I asked Witten how he responded to the claims of critics that superstring theory is not testable and therefore is not really physics at all. Witten replied that the theory had predicted gravity. “Even though it is, properly speaking, a post-prediction, in the sense that the experiment was made before the theory, the fact that gravity is a consequence of string theory, to me, is one of the greatest theoretical insights ever.”

He acknowledged, even emphasized, that no one has truly fathomed the theory, and that it might be decades before it yielded a precise description of nature. He would not predict, as others had, that string theory might bring about the end of physics. Nevertheless, he was serenely confident that it would eventually yield a profound new understanding of reality. “Good wrong ideas are extremely scarce,” he said, “and good wrong ideas that even remotely rival the majesty of string theory have never been seen.” When I continued to press Witten on the issue of testability, he grew exasperated. “I don’t think I’ve succeeded in conveying to you its wonder, its incredible consistency, remarkable elegance and beauty.” In other words, superstring theory is too beautiful to be wrong.

Then from his more recent interview:

Horgan: When I interviewed you in 1991, you said that “good wrong ideas that even remotely rival the majesty of string theory have never been seen.” Are you still confident that string theory (or its descendant, M theory) will turn out to be “right”?

Witten: I think I will stick with what I said in 1991. Since then, we have lived through the second superstring evolution and many surprising developments in which string theory has been used to get a better understanding of conventional theories in physics (and math).

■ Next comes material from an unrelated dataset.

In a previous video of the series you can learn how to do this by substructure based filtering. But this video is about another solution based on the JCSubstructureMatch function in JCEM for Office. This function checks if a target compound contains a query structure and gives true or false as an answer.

All this makes most sense if one assumes that what we are doing is on the right track.

Another link takes us to his tribute to biologist Lynn Margulis who, Horgan writes,

…challenged what she called “ultra-Darwinian orthodoxy” with several ideas. The first, and most successful, is the concept of symbiosis. Darwin and his heirs had always emphasized the role that competition between individuals and species played in evolution. In the 1960′s, however, Margulis began arguing that symbiosis had been an equally important factor–and perhaps more important–in the evolution of life.

I include this reference only because I enjoyed that Horgan championed someone who also challenged mainstream Darwinian thinking.

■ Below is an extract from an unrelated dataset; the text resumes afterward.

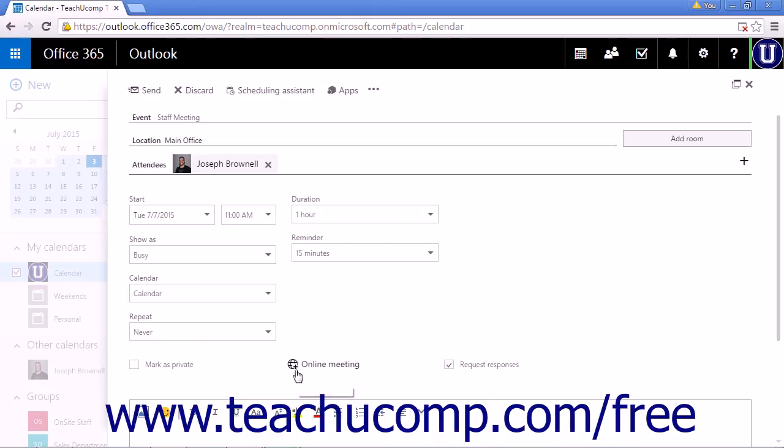The request responses checkbox is selected by default and will allow you to be notified to who accepts or declines to attend the meeting.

I have little doubt that mathematics will break some of our habits of thought by showing us something about how we build conceptual structures, or the nature of what we have come to call empiricism. Perhaps it can even shed some light on the relationship between mind and matter.  I should add that I did thoroughly enjoy The End of Science when I read it.   As was the case then, John Horgan seems to always provide me with the support I need for arguing with him.